### [Record excerpts]
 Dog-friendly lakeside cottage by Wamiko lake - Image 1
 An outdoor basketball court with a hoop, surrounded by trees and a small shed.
...
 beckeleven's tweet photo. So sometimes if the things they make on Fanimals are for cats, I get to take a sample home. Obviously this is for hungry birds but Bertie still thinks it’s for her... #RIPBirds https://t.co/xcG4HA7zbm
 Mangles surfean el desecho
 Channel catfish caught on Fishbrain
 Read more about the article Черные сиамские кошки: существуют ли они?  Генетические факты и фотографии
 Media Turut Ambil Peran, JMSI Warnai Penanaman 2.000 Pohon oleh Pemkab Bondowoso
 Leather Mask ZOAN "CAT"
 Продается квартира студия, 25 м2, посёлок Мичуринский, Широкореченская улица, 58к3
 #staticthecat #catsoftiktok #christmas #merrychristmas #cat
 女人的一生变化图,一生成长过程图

### [Directions for this task]
The reply should hold only the lines of the listing above starting at the line containing "Dog-friendly lakeside cottage" and ending at the line containing "An outdoor basketball", exactly as written.

### [Result below]
 Dog-friendly lakeside cottage by Wamiko lake - Image 1
 An outdoor basketball court with a hoop, surrounded by trees and a small shed.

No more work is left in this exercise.